In February 2023, when The Oregonian broke the story about the OLCC’s practice of setting aside rare bourbon for purchase by OLCC employees and others, Oregon Governor Tina Kotek demanded the firing of managers who had engaged in the practice. Marks and five other managers were in fact terminated, with at least one of them filing a wrongful termination lawsuit against the state. Hoffeditz remains employed by the OLCC, according to its website.
As reported by Oregon Roundup, former OLCC chairman Martin Revoal requested rare bottles while on the Commission. After Revoal’s bourbon request was made public, Kotek praised Revoal for guiding the “OLCC through some of the most challenging moments of its history.”
The email was among documents produced by the OLCC to the Oregon Department of Justice pursuant to DOJ’s probe into the bourbon scandal. Kotek requested the probe in February 2023. DOJ said this week it would pursue no criminal charges related to the scandal in part because it said it could not identify specific transactions.
I will update this story if the Governor’s office responds to my request for a statement regarding why the Governor has demanded and received the firing of some, but not all, of the OLCC officials who were involved in the rare bourbon set-aside practice.
"Marijuana Compliance Director?"
That is even more ludicrous than Kotek's plan to shoo out the door political appointees like former OLCC Director Steve Marks (a longtime Demo political hack).
Just consider, for a moment, how "secure" the legal marijuana business has been? The Secretary of State was being overtly bribed while holding office and virtually every member of ruling Democratic cabal (my party BTW) was given paper bags containing thousands in cash from the (likely to be indicted) pair that runs LA MOTA.

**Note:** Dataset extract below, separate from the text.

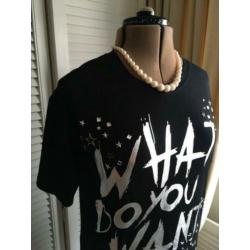 For ever’ shirt tekst in zilver en strass nieuw mt 38-40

And that is just the LEGAL weed business. Southern Oregon is awash in illicit marijuana plantations, many run by Mexican cartels who are essentially enslaving what the "progressives" usually call "vulnerable populations." In addition to which, Oregon's illicit shipment of weed to states where it is NOT legal, have continued to soar.

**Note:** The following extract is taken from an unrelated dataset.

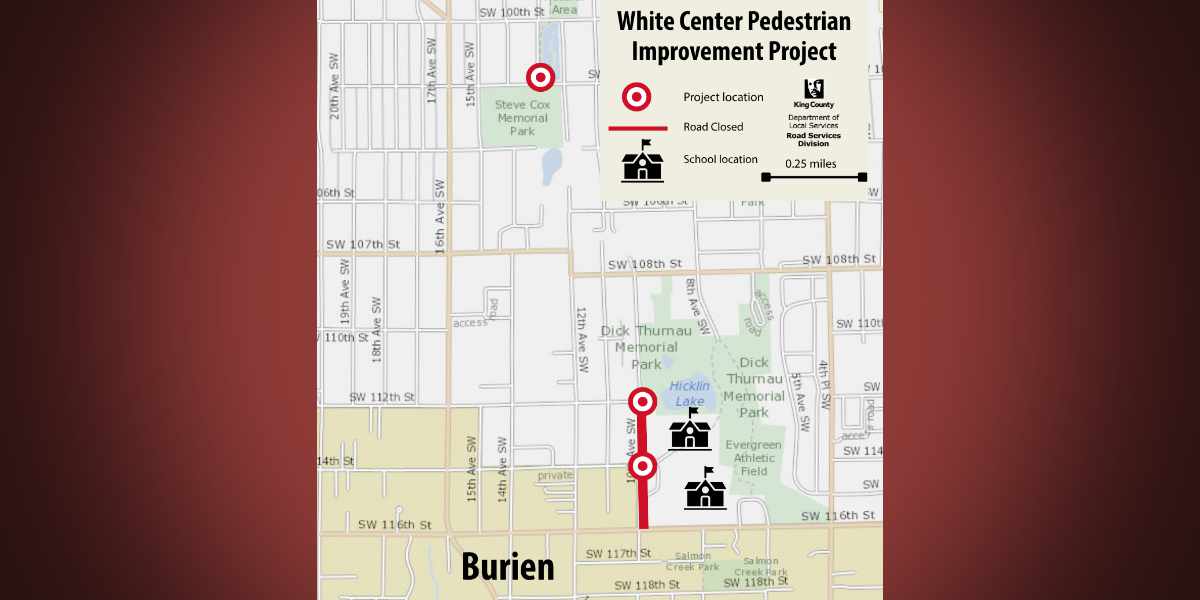 Weekday road closure coming to 10th Ave SW next week in White Center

Back in 2017, Hoffeditz, who appears to have no law enforcement background outside OLCC was promoted. The CAPITAL PRESS then reported " Hoffeditz's promotion was a big deal for the cannabis industry. Her promotion was featured in an article in the online publication, "Weed News."
I don't get the fascination for brown liquor, but it is pretty clear the misdemeanor of Official Misconduct in the First degree is committed if a public employee seeks to use their position to obtain a benefit that they would not otherwise receive. But Ellen Rosenblum's Criminal Justice Division (which did not have original jurisdiction) took over a year to announce nobody could be charged.

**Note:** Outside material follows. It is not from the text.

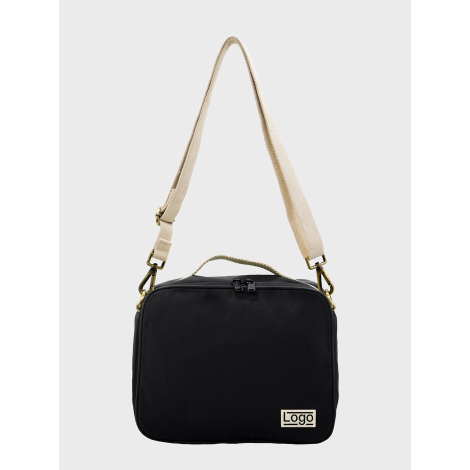 Sac isotherme noir vu de face avec étiquette et marquage visible.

One might almost think this is a good, old-fashioned, Soviet-style purge, not unlike when western reporters would notice high Kremlin officials would vanish from the reviewing stand during Mayday in Moscow in the 60s and 70s.
it will be interesting to see how our dear governor (nothing-to-see-here-just-move-on-Kotek) will reply to your request, if, indeed, she does. Big Brother could have learned a lot from her responses to pointed questions. think what George Orwell could have done with her quotes: "Doublethink means the power of holding two contradictory beliefs in one’s mind simultaneously, and accepting both of them."
don't give up, the journey of many miles starts with a single step (or in this case, more than a few).